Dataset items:
○ ○ ○ ○ ○
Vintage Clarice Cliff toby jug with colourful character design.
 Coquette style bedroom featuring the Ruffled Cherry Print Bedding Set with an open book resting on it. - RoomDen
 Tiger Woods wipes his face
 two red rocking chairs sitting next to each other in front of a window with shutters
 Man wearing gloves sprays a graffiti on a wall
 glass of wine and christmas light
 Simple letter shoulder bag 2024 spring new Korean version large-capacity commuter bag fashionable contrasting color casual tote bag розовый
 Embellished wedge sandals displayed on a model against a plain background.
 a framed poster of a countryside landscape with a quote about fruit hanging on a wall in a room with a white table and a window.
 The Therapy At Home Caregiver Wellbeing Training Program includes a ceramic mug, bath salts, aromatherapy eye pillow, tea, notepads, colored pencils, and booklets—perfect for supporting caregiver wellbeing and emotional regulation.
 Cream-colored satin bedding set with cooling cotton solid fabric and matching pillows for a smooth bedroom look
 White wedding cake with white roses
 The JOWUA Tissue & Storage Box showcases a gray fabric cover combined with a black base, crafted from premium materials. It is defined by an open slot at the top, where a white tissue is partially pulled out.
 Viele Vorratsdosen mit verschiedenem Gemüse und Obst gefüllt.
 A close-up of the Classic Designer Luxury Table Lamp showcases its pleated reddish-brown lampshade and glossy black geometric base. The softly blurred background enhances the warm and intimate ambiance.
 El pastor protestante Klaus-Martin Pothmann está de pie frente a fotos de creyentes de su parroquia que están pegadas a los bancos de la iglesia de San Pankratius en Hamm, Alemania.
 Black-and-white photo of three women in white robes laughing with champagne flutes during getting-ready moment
○ ○ ○ ○ ○
Print all entries again, exactly.

ANSWER TO THE EXERCISE:
Vintage Clarice Cliff toby jug with colourful character design.
 Coquette style bedroom featuring the Ruffled Cherry Print Bedding Set with an open book resting on it. - RoomDen
 Tiger Woods wipes his face
 two red rocking chairs sitting next to each other in front of a window with shutters
 Man wearing gloves sprays a graffiti on a wall
 glass of wine and christmas light
 Simple letter shoulder bag 2024 spring new Korean version large-capacity commuter bag fashionable contrasting color casual tote bag розовый
 Embellished wedge sandals displayed on a model against a plain background.
 a framed poster of a countryside landscape with a quote about fruit hanging on a wall in a room with a white table and a window.
 The Therapy At Home Caregiver Wellbeing Training Program includes a ceramic mug, bath salts, aromatherapy eye pillow, tea, notepads, colored pencils, and booklets—perfect for supporting caregiver wellbeing and emotional regulation.
 Cream-colored satin bedding set with cooling cotton solid fabric and matching pillows for a smooth bedroom look
 White wedding cake with white roses
 The JOWUA Tissue & Storage Box showcases a gray fabric cover combined with a black base, crafted from premium materials. It is defined by an open slot at the top, where a white tissue is partially pulled out.
 Viele Vorratsdosen mit verschiedenem Gemüse und Obst gefüllt.
 A close-up of the Classic Designer Luxury Table Lamp showcases its pleated reddish-brown lampshade and glossy black geometric base. The softly blurred background enhances the warm and intimate ambiance.
 El pastor protestante Klaus-Martin Pothmann está de pie frente a fotos de creyentes de su parroquia que están pegadas a los bancos de la iglesia de San Pankratius en Hamm, Alemania.
 Black-and-white photo of three women in white robes laughing with champagne flutes during getting-ready moment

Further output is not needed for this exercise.